Task requirements:
Below this line is a set of entries; quote exactly the lines from the line that contains "Voitures occasions Audi Q5 Avus Rezé" to the line that contains "Motel 6-North Little", both lines included.
━━━━━ Source records
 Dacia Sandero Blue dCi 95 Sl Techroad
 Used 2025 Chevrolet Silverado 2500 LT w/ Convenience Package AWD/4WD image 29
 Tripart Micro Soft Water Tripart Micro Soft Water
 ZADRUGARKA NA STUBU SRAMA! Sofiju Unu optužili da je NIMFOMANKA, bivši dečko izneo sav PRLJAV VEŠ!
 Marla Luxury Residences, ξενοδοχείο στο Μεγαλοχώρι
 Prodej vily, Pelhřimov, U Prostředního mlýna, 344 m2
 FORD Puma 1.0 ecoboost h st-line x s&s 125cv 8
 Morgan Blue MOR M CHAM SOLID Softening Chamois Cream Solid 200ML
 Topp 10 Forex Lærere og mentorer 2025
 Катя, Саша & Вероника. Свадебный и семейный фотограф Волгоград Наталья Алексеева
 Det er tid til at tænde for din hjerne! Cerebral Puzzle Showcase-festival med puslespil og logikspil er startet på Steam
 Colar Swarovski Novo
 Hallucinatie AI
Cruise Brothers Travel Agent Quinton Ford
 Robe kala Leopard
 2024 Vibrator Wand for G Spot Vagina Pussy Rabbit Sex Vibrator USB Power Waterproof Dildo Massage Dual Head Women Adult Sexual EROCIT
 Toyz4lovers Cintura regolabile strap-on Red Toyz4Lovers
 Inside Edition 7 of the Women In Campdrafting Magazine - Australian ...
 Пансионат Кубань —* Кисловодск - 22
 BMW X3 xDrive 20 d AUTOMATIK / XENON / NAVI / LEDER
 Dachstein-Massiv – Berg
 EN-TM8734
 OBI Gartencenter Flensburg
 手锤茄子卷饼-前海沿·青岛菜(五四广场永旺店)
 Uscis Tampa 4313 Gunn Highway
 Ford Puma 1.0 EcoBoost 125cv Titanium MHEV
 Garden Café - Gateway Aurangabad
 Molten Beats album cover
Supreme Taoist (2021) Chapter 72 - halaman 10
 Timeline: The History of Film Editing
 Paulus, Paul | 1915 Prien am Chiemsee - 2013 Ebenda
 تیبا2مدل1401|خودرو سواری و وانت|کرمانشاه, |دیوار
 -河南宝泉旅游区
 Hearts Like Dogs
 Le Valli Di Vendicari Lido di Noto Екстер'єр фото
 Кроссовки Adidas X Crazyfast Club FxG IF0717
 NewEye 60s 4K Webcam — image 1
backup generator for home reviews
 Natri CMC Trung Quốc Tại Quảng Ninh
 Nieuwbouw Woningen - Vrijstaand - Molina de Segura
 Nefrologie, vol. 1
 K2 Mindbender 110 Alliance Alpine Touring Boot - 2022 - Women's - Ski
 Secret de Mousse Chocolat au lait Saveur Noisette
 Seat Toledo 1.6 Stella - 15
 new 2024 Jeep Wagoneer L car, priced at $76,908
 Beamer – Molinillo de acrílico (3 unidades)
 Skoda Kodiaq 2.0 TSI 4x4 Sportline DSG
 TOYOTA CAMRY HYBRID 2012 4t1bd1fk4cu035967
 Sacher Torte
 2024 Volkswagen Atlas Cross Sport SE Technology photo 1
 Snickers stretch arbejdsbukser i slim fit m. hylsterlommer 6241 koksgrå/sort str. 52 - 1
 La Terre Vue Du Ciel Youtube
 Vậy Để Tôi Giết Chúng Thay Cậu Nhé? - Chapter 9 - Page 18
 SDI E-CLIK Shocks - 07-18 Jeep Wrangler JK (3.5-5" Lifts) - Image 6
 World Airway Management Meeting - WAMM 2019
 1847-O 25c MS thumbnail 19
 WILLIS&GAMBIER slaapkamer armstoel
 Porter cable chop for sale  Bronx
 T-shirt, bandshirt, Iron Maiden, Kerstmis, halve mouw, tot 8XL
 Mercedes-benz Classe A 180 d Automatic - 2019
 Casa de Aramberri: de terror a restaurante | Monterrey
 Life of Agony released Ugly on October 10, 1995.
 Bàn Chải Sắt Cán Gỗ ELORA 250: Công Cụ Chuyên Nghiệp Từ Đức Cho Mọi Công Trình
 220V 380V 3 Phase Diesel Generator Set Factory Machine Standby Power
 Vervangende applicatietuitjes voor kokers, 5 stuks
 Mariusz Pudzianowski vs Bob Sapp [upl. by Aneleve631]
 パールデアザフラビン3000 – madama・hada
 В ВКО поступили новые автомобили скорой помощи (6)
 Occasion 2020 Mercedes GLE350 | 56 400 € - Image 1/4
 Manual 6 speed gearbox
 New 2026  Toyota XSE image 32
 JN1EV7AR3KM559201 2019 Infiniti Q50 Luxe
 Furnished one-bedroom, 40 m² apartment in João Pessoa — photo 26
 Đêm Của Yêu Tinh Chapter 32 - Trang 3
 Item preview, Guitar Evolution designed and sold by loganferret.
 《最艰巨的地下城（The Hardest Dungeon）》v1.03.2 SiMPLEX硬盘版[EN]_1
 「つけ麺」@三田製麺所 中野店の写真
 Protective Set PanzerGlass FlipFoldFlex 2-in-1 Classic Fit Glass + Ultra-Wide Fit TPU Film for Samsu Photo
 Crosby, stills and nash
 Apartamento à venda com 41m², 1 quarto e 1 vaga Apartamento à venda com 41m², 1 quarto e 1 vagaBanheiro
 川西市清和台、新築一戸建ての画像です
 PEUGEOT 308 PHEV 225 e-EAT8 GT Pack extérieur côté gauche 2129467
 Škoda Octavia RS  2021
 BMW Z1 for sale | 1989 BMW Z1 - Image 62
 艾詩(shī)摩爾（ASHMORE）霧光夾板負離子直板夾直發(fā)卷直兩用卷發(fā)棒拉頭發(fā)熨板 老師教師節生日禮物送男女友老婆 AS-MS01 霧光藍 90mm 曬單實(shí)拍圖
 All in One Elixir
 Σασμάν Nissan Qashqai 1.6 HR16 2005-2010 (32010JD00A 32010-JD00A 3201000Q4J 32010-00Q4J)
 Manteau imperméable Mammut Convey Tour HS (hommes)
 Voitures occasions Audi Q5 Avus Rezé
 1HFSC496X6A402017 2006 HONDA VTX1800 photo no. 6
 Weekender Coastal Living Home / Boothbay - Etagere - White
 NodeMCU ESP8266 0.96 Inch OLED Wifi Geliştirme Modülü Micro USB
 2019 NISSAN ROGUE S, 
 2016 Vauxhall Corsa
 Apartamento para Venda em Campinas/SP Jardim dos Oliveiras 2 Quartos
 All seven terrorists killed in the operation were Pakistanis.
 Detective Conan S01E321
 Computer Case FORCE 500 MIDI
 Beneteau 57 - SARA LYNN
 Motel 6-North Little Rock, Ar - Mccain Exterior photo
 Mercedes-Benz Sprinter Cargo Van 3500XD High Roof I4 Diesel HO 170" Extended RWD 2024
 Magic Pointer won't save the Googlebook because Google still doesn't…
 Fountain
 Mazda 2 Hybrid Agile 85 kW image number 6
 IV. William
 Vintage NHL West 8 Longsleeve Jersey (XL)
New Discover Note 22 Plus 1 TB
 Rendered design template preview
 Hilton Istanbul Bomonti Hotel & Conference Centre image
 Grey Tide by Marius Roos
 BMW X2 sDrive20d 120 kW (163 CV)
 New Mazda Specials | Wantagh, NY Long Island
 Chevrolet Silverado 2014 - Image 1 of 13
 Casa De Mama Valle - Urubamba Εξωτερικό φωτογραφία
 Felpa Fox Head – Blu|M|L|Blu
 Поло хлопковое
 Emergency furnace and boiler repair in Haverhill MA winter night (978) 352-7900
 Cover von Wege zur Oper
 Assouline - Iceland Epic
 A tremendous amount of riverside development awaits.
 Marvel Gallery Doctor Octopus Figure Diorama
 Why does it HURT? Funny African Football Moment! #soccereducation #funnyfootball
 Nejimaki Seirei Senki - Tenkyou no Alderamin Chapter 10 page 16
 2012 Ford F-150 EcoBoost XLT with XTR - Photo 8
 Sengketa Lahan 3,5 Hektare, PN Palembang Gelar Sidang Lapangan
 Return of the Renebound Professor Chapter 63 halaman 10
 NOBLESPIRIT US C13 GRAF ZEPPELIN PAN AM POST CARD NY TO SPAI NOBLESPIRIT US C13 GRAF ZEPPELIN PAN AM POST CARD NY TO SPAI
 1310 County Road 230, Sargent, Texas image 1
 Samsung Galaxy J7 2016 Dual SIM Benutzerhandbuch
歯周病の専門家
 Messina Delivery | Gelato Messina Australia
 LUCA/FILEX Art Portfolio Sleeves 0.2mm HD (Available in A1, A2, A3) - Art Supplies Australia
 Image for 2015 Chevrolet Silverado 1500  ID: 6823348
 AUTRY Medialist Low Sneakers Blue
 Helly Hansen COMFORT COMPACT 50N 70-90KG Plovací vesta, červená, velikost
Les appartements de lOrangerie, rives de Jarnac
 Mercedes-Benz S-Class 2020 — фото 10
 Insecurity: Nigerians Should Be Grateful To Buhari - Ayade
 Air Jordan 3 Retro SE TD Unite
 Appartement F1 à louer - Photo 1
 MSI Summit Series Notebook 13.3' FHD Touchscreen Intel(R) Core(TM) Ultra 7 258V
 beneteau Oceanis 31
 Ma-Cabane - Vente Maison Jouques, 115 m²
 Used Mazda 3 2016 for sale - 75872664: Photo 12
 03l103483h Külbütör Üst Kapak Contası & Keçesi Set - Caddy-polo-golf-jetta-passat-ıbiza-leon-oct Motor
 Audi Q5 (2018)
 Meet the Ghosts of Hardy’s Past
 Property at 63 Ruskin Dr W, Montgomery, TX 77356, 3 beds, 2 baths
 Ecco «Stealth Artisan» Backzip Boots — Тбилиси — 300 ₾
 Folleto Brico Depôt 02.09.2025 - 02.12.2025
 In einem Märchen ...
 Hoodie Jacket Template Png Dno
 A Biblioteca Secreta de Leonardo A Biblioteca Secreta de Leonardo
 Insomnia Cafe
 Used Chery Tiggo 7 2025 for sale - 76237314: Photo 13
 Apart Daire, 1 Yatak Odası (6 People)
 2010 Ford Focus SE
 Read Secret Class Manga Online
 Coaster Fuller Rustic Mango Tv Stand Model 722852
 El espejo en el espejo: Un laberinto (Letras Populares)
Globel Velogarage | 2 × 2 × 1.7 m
━━━━━━━━━━
Exercise response:
 Voitures occasions Audi Q5 Avus Rezé
 1HFSC496X6A402017 2006 HONDA VTX1800 photo no. 6
 Weekender Coastal Living Home / Boothbay - Etagere - White
 NodeMCU ESP8266 0.96 Inch OLED Wifi Geliştirme Modülü Micro USB
 2019 NISSAN ROGUE S, 
 2016 Vauxhall Corsa
 Apartamento para Venda em Campinas/SP Jardim dos Oliveiras 2 Quartos
 All seven terrorists killed in the operation were Pakistanis.
 Detective Conan S01E321
 Computer Case FORCE 500 MIDI
 Beneteau 57 - SARA LYNN
 Motel 6-North Little Rock, Ar - Mccain Exterior photo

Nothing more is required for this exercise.